Éditions Jigal, 2018

Fin de lecture le 31 mars 2023

De la fin de la Deuxième Guerre Mondiale en passant par les années quatre-vingt-dix et jusqu’à 2012, trois générations de la famille Schmidt sont en danger. Lequel ?

L’aïeule, Anna, a confié son secret dans une mystérieuse lettre à l’intention de son fils Josef, qu’elle a laissée sous bonne garde de son cousin Heinrich dans le Berlin d’après-guerre.

« Je voudrais que tu me promettes, si jamais il t’arrivait quelque chose, ou si… Je voudrais que tu ailles trouver le cousin Heinrich, il te remettra une enveloppe, dit-elle d’un trait, comme pour s’en débarrasser. »

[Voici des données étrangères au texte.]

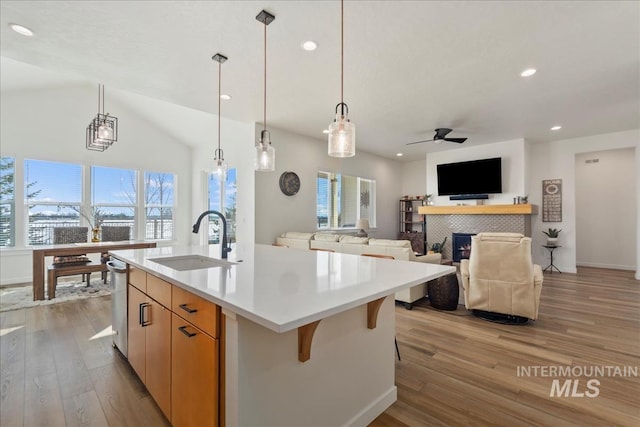 8237 W Corinthia St, Eagle, ID 83616 - kitchen featuring recessed lighting, light wood finished floors, a tiled fireplace, ceiling fan, and an island with sink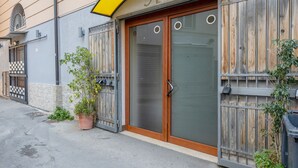 A building with a wooden door, a potted plant, and a metal gate. - Apartment 'Del Porto, Palermo' with Balcony, Wi-Fi and Air Conditioning (Palermo)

Josef aurait pu s’en emparer. Mais lui-même va conserver le secret et transmettre l’information concernant la lettre à son fils. Et c’est le petit-fils, Jacob, qui fin 2012, à Francfort, va devoir s’atteler à sa recherche. Car il est poursuivi, molesté et victime d’une tentative d’enlèvement.

La capitaine de la police fédérale Anke Hoffer s’intéresse à cette affaire en faisant un lien avec l’assassinat quelques mois plus tôt d’un gardien du musée d’Histoire de Berlin et le vol d’un peigne en ivoire.

Les malfrats, stupides et sans pitié (ce qui n’est pas incompatible), sèment la terreur autour de Jacob, qui s’enfuit à Berlin puis en France pour découvrir la vérité cachée par sa grand-mère.

J’ai bien aimé la construction, les allers-retours entre les différentes périodes et protagonistes.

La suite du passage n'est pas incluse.